EXERCISE DESCRIPTION -> Look below for the line with "装飾用ゴールドフレームのバリエーションセット" and the line with "Banded Calcite at"; repeat exactly those two lines and all lines between them, but no pictures.
[[ RECORDS FOR PROCESSING open ]]
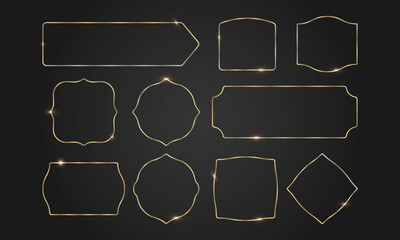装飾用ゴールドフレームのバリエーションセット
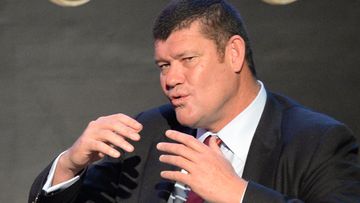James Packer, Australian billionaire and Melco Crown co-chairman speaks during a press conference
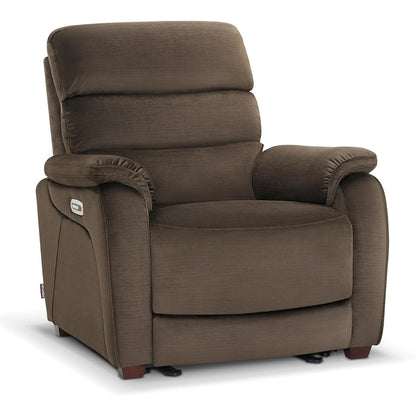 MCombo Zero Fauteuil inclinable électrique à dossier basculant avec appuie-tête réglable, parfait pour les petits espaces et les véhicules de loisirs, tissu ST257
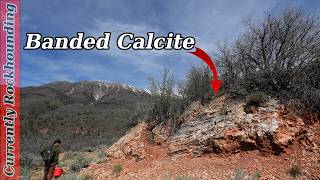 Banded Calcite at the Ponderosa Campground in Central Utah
[[ RECORDS FOR PROCESSING closed ]]
[[ RECORDS FOR PROCESSING open ]]
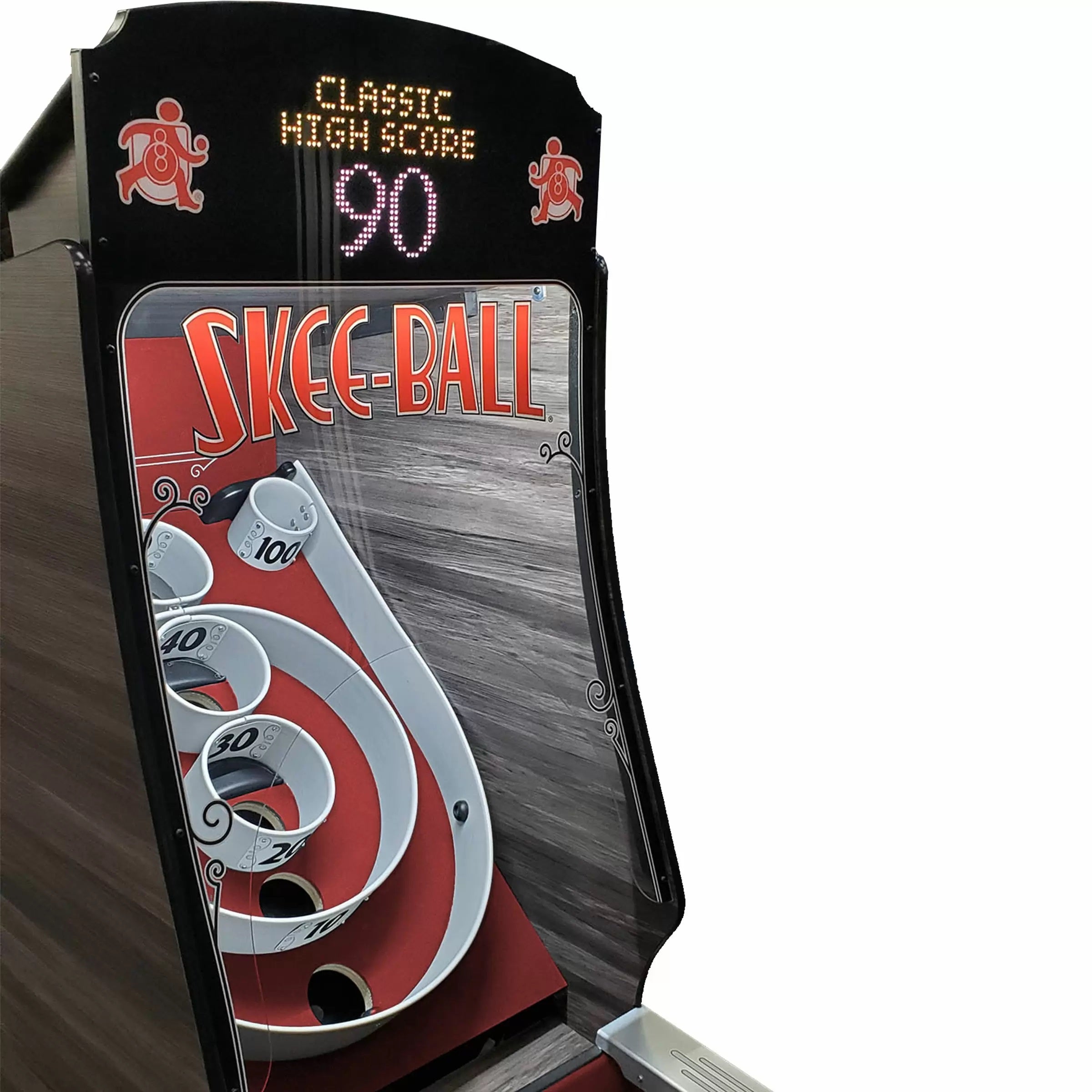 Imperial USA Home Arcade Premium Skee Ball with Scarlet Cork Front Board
[[ RECORDS FOR PROCESSING closed ]]
FINAL ANSWER ->
装飾用ゴールドフレームのバリエーションセット
James Packer, Australian billionaire and Melco Crown co-chairman speaks during a press conference
 MCombo Zero Fauteuil inclinable électrique à dossier basculant avec appuie-tête réglable, parfait pour les petits espaces et les véhicules de loisirs, tissu ST257
 Banded Calcite at the Ponderosa Campground in Central Utah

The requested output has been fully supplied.